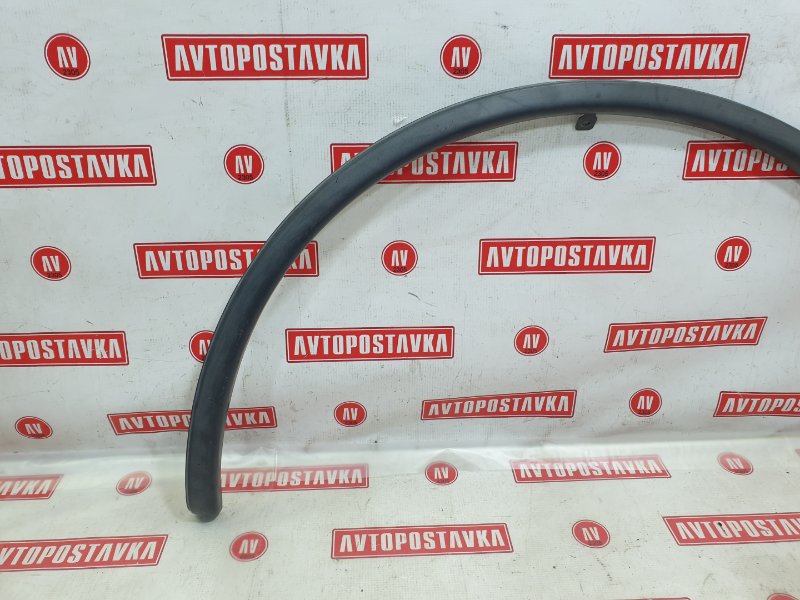 Накладка на крыло, 1000 рублей, Красноярск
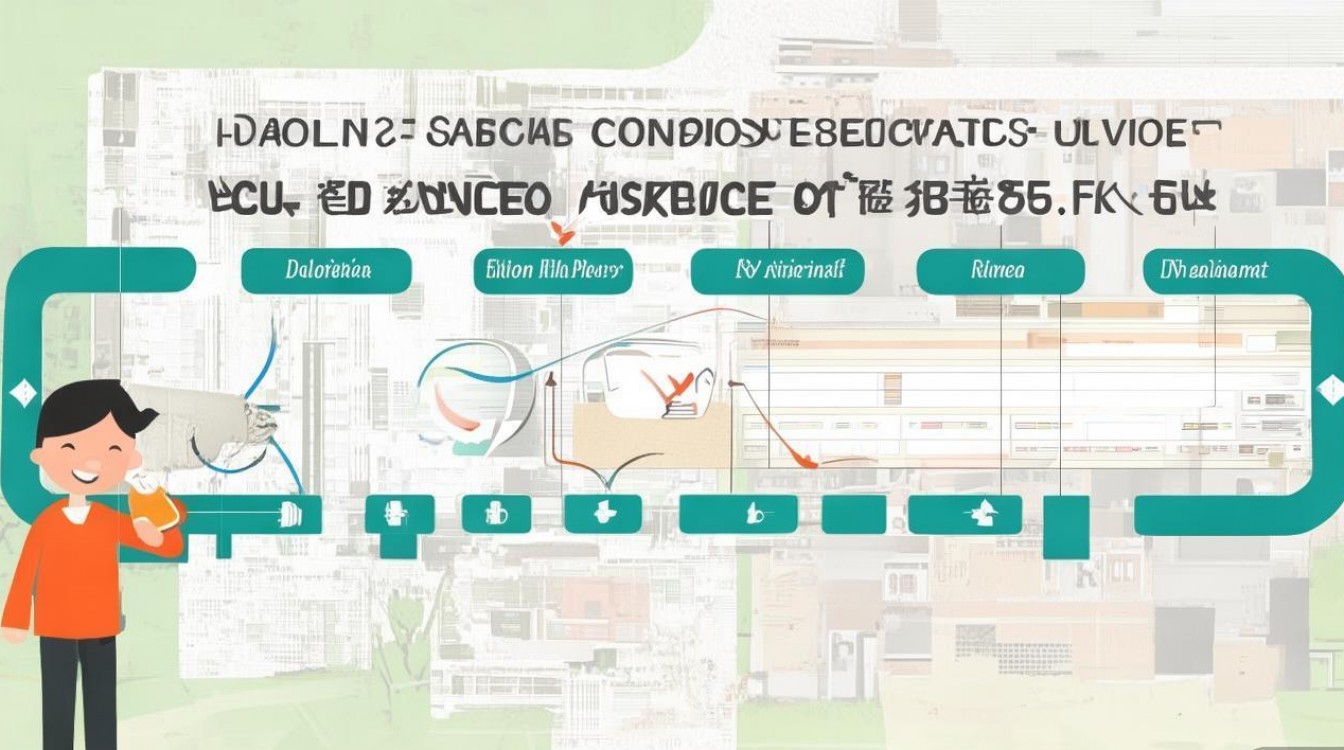福州宽带取消流程是怎样的？如何正确办理断网手续？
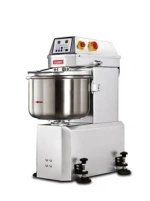 https://img2.tradewheel.com/uploads/images/products/2/6/50kg-flour-dough-mixer1-0062598001557631563-150-.jpg.webp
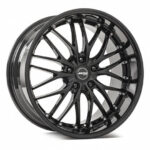 MRR Design GT1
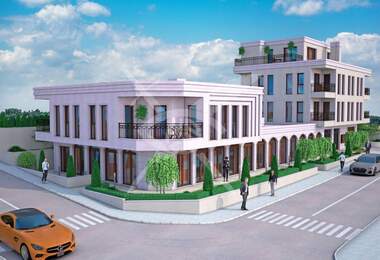 Satış - Apartman olarak Kladnica,  Pernik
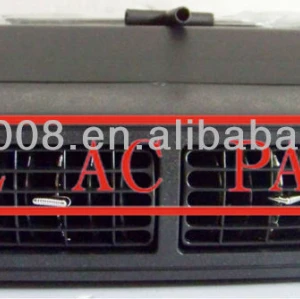 432 under dash ac evaporator unit assembly underdash BEU-432-100 FORMULA II EVAPORATOR UNIT ASSEMBLY LHD FLARE 370x290x323mm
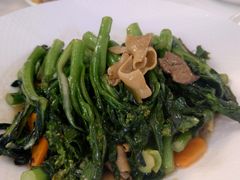 -朱仔记食府(江南大道店)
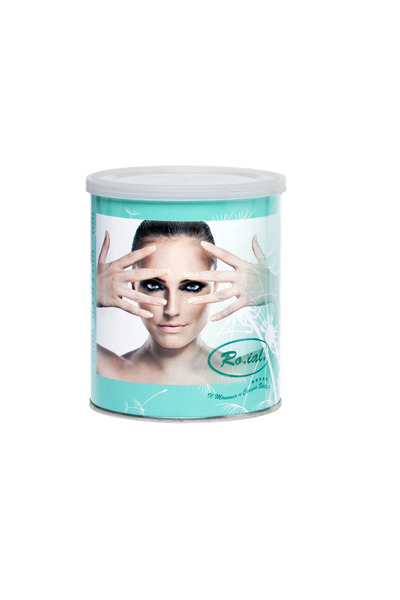 ROİAL – Disposable Wax with Aloe Vera – 800 ml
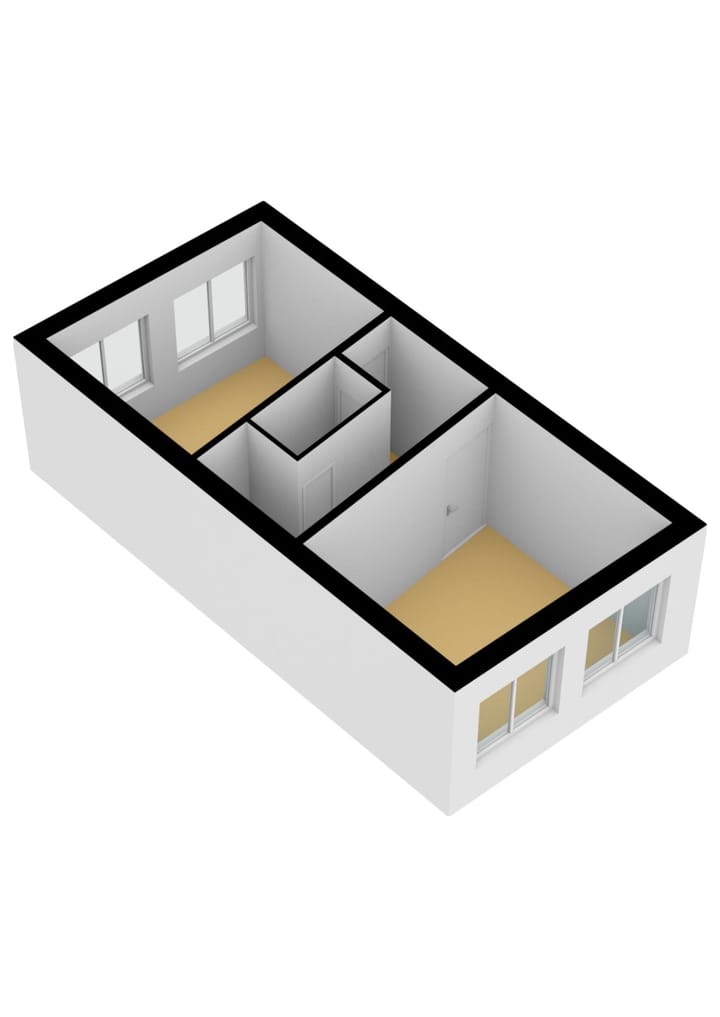 Foto 25 van Kromhout 150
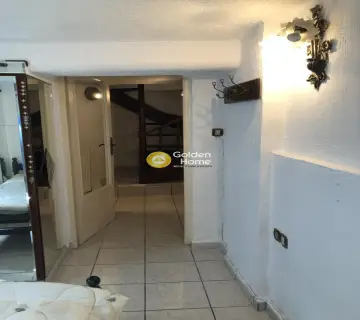 Floor Maisonette 130m<sup>2</sup> for rent photo 41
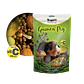 Alimento completo para Cobayas Tropifit 500g - Miniatura 2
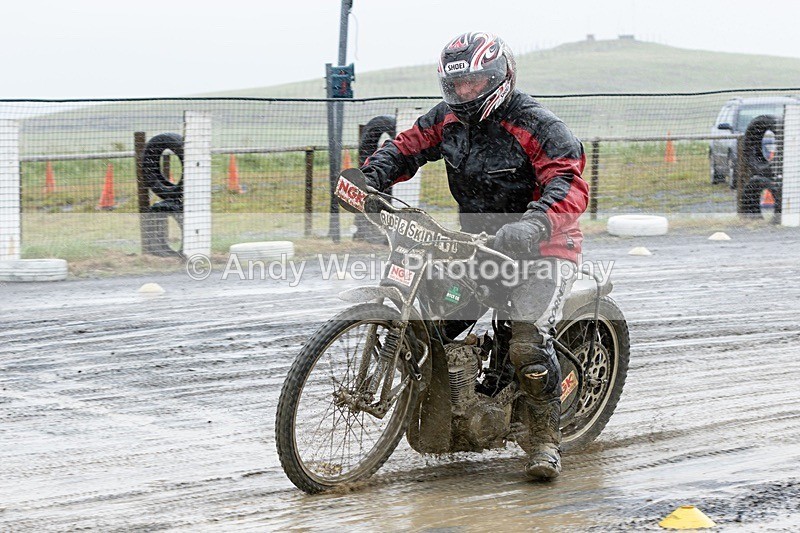 200704-7D-8E0A9639 - Ride & Skid It Speedway Experience 04 Jul 20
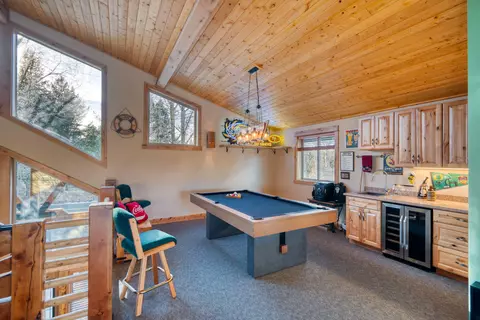 Other - 53010 Bridge Dr, La Pine, OR 97739 photo 9 of 13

• [Exercise prompt] A verbatim transcript of the entries above is required, with the pictures left out.

• [Response to this exercise]
 Накладка на крыло, 1000 рублей, Красноярск
福州宽带取消流程是怎样的？如何正确办理断网手续？
 https://img2.tradewheel.com/uploads/images/products/2/6/50kg-flour-dough-mixer1-0062598001557631563-150-.jpg.webp
 MRR Design GT1
 Satış - Apartman olarak Kladnica,  Pernik
 432 under dash ac evaporator unit assembly underdash BEU-432-100 FORMULA II EVAPORATOR UNIT ASSEMBLY LHD FLARE 370x290x323mm
 -朱仔记食府(江南大道店)
 ROİAL – Disposable Wax with Aloe Vera – 800 ml
 Foto 25 van Kromhout 150
 Floor Maisonette 130m<sup>2</sup> for rent photo 41
 Alimento completo para Cobayas Tropifit 500g - Miniatura 2
 200704-7D-8E0A9639 - Ride & Skid It Speedway Experience 04 Jul 20
 Other - 53010 Bridge Dr, La Pine, OR 97739 photo 9 of 13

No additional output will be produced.